But I still have 12 hours of listening this month, and I’m at a little bit of a loss about what to listen to next. I’m halfway through two different books and so I might as well finish those up before I start something else. One of those two books is a non-fiction audiobook about weight lifting that I started listening to a couple of months ago so I’ll keep going with this one since I still have a good chunk left to read.
The other is a queer romance novel I picked up at a bookstore downtown, Grand Gesture, which I highly recommend you visit if you’re ever in the area.
I was drawn to Here We Go Again by Alison Cochrun because of the cover and because I really enjoyed another book by Alison, Kiss Her Once for Me. I was looking forward to this second-chance, enemies-to-lovers, road trip vibe of a book, and while I did enjoy the first few chapters, I’m quickly losing interest.

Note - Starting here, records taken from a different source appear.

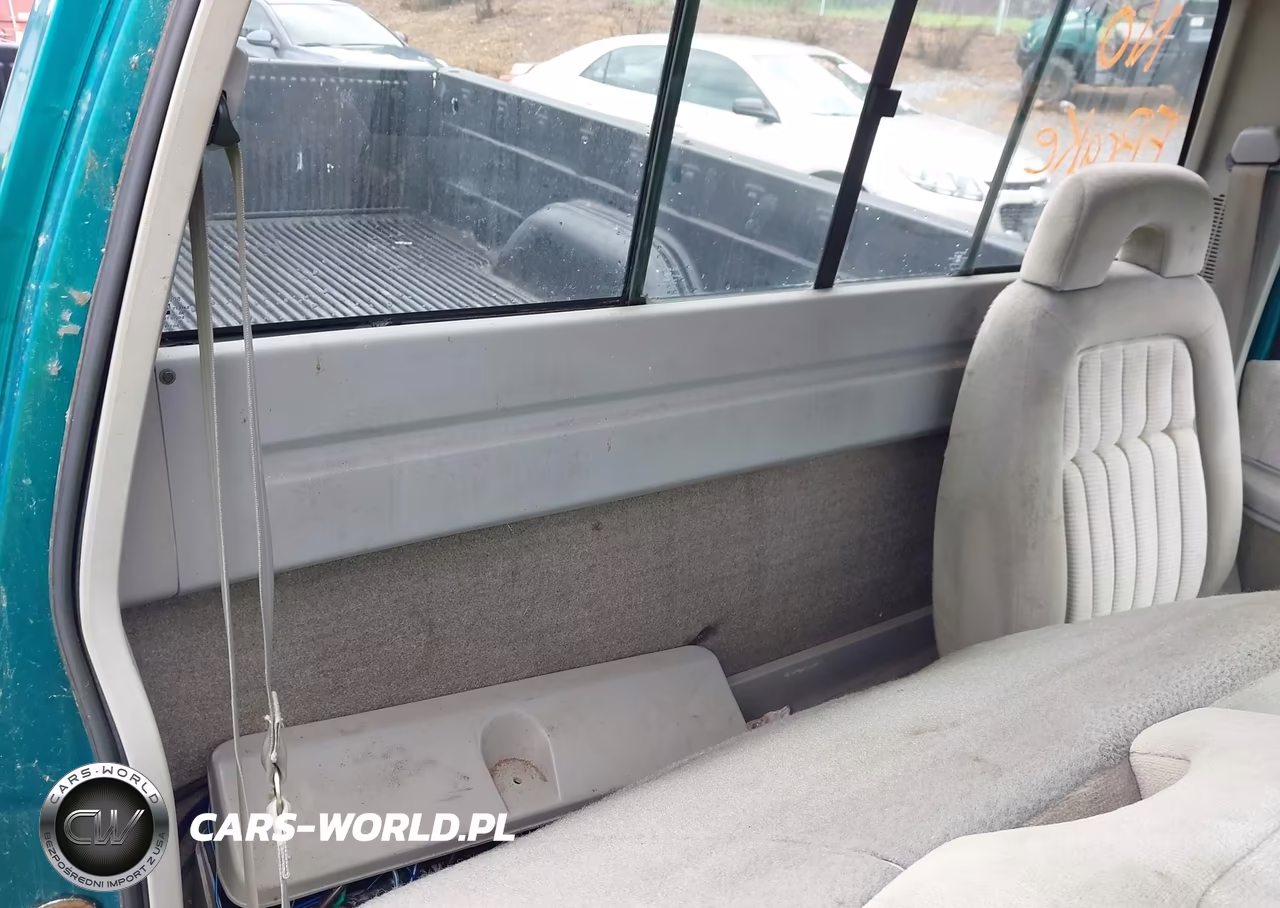 1993 Chevrolet Gmt-400 K1500 VIN:1GCEK14K3PE210512 - 8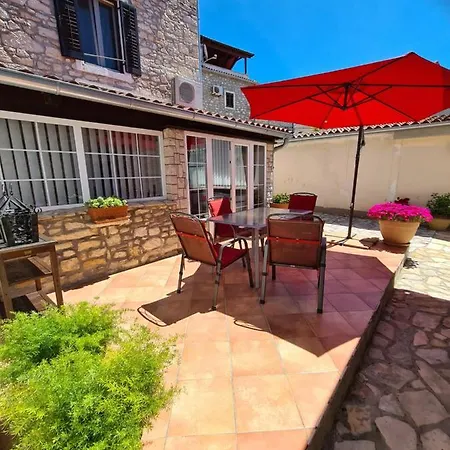 Holiday home Istrska Kamnita Hisa Soncni *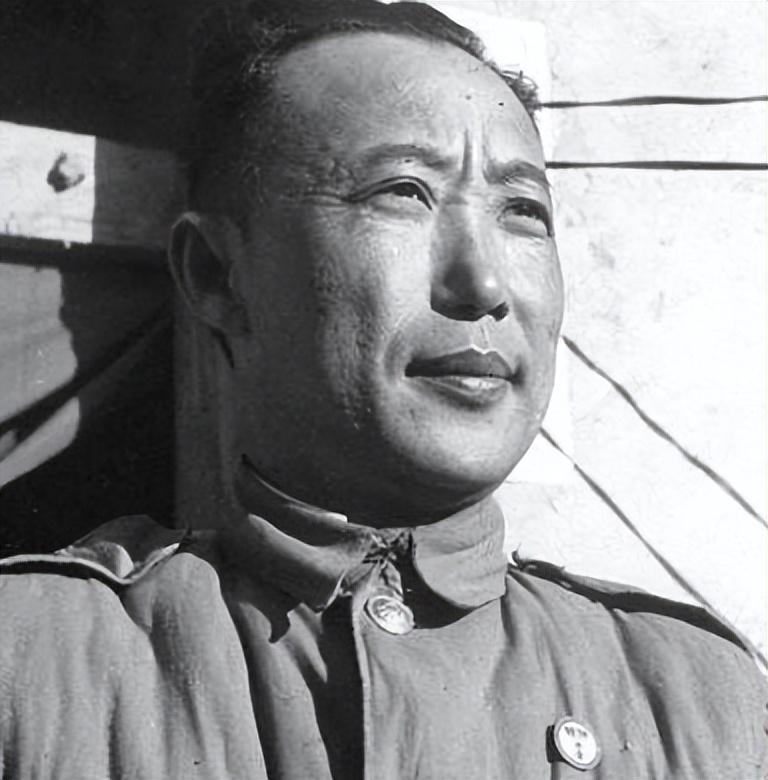 必威体育官方入口-1950年李弥撤台受冷落、妻失联，蒋召见质问：为何留精锐于金三角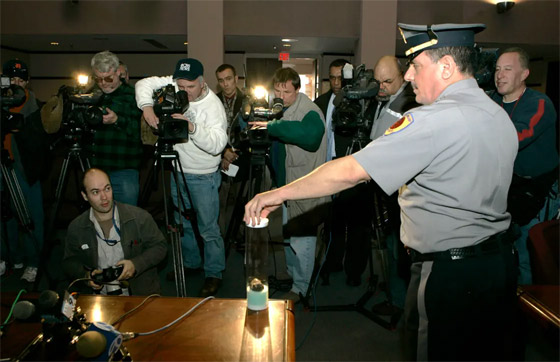 فيديو وصور: نيزك شمسي عمره 5 مليارات سنة يخترق سطح منزل صورة رقم 3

I’m not as connected to the characters as I want to be and there are some specific turns of phrase that are annoying me (like one of the characters comparing another character’s mouth to a puckered cat butt), but I’m too far in now, too invested in this road trip to let it go completely.
There’s a grief element to this one. The two main characters are driving a terminal friend across the country to see one last sunset and that is the part of this book I want to see through to the end. Since I’m struggling to sit down and read this one, it’s a perfect opportunity to pull up the audiobook and listen while I walk and do chores. It’ll feel less like I’m wasting time on a book I’m not really enjoying, and more like I’m enhancing my chore experience with a book that’s entertaining enough.
Ultimately, I’m glad to see this one through to the end. I like how it ends. I like the road trip and the themes of grief and regret and anxiety and finding a way to break out of your rut and go do cool shit. But also, I’m not sure it’s a book I really cared all that much about. It didn’t get into my soul the way I always hope a book will, and it’s really not a book I’ll be shoving into people’s hands anytime soon.
So, no, not a rave review. Alas, I can’t love every book.
I have 3 days left before my subscription renews and still 6 listening hours left in the tank. That means at least 2 hours a day to reach my 15 hour limit. I have this sneaking suspicion I’m not going to make it.
At the very least, I want to finish A Physical Education: How I Escaped Diet Culture and Gained the Power of Lifting by Casey Johnston. I have 1 hour and 22 minutes left and I’ve been dragging my feet on this one long enough.
I’m actually finding this book to be really interesting, so I don’t know why it’s taken me so long to finish it, other than the problem I always have, the current problem I’m trying to solve: I forget about my audiobook credits. I forget to listen.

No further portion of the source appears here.